As we get closer to the end of 2020, investors start to make the sum of what we can call a unique year. With the Covid-19 pandemic, volatility picked up substantially. Although many assets are still on the way to recovery, some have rebounded sensibly. Emerging market bonds have experienced an exceptional rebound, which is making many wondering whether they can continue to rise.
There are several reasons why we are bullish emerging markets .
First of all, the Federal Reserve will not hike interest rates until it sees a rebound in inflation. This means that investors will be pushed to search for solid returns outside their comfort zone. It also implies that if interest rates don't rise, emerging markets will be able to continue to finance themselves conveniently.
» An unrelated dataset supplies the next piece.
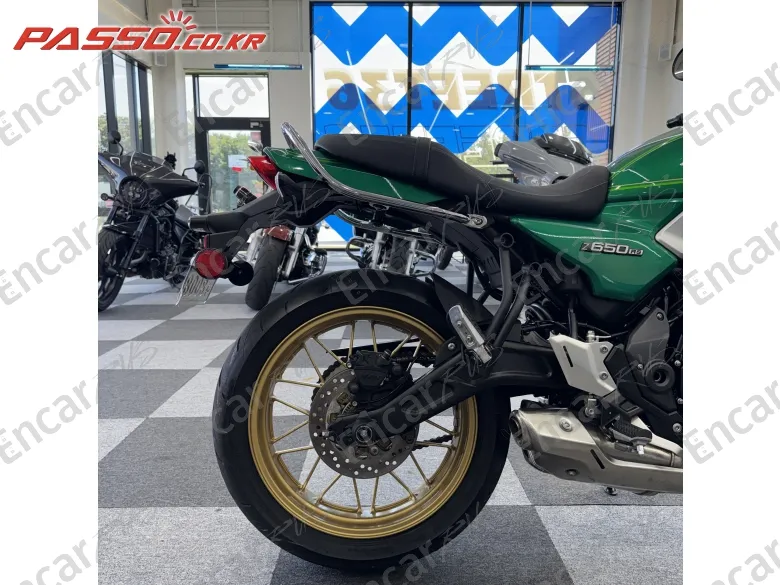 Kawasaki Z 650 RS ABS - фото 5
Emerging markets' constant need for financing is a point that is worrying investors as they become more and more dependent on capital markets. We don't believe this to be a significant problem. EMs have just gotten the green light by the IMF to engage in expansionary monetary policies which, in return, will ultimately support their fixed income market value. Secondly, even though the Covid-19 pandemic has added pressure to certain geographies and sectors, in 2020, the market has seen EM debt maturities getting longer, not shorter. This is a positive trend because it means that countries can lock in low interest rates for longer, decreasing refinancing risk in the short- and mid-term. One of the best examples is the one of Turkey, which was able to extend maturities in both dollar and lira debt even amid a currency crisis. Peru, similarly, issued $4 billion bonds this week with 12-, 40- and 100-year maturities. Peru's 100-year bonds priced at 170 basis points over the Treasuries, making it the lowest-yielding century bond in the emerging market world.
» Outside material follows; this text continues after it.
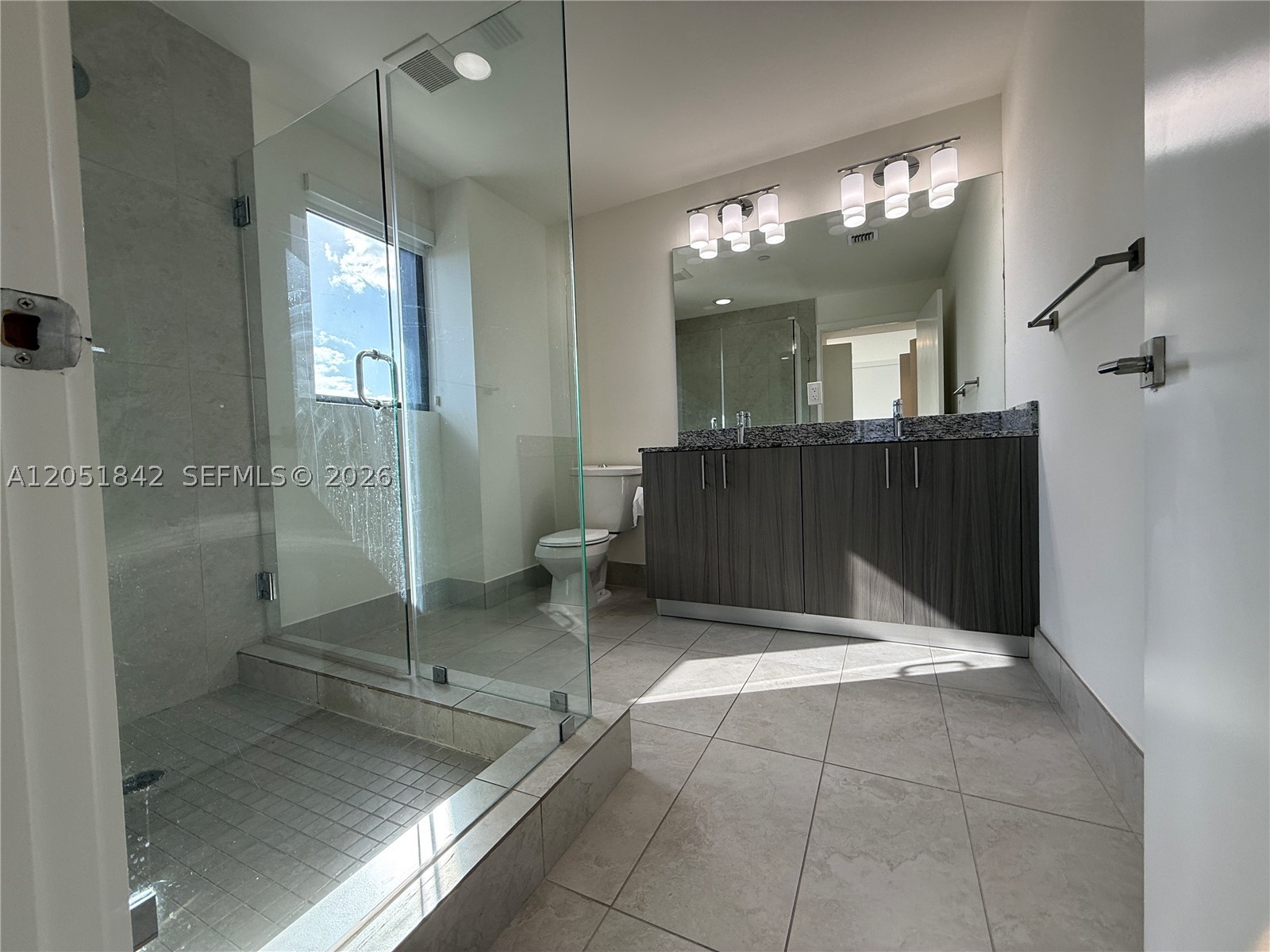5350 NW 84th Ave #1001, Doral FL 33166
The engaging of accommodative monetary policies by developed central banks are also having a positive effect on emerging market debt. As the graph below shows, EM hard currency sovereign debt has performed better compared to EM local currency government debt. This trend can be explained by the expansionary policies that the Federal Reserve and the ECB engaged in following the Covid-19 pandemic, which pushed yields down across all assets. As central banks worldwide continue to add stimulus, we can expect these assets to continue to be supported.
Interestingly, following the pandemic, better quality EM assets experienced a more significant rebound compared to junk. Before Covid-19, high-yield EM debt performed better compared to investment-grade EM debt. This might be a sign that riskier assets remain undervalued.
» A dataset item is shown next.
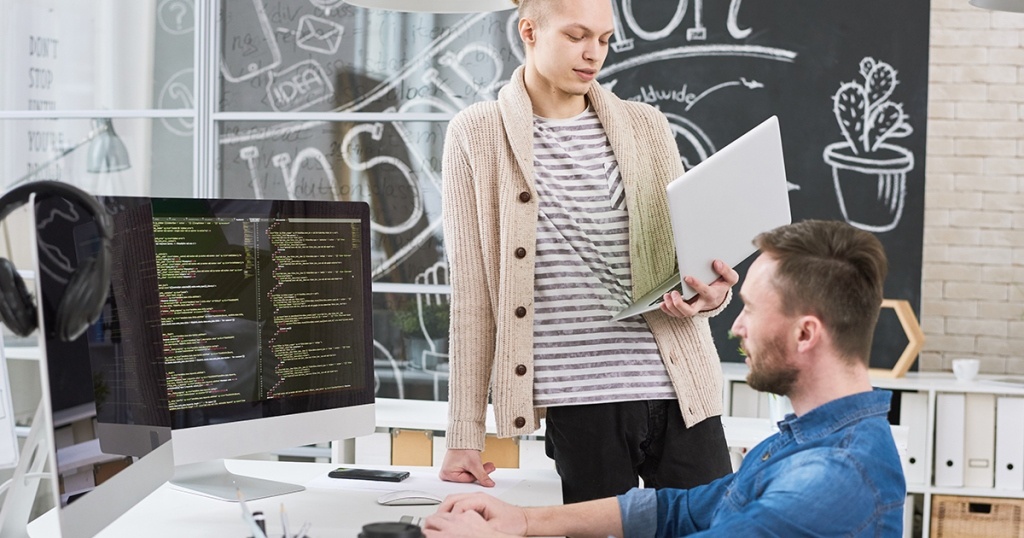 Panduan Singkat UML (Unified Modeling Language) Bagi Pemula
As indicated in our earlier analysis of the emerging markets, it is crucial to pick risk selectively as some countries might be overleveraged. In our Emerging market distress monitor (below), we find that Russia, Indonesia, Mexico and the Czech Republic are the countries that offer stable market conditions. Turkey, Argentina, Egypt, Angola and Chile, on the other hand, look to be the riskiest. The monitory compares debt to GDP ratio of each country with their 5-year CDS spread and money supply.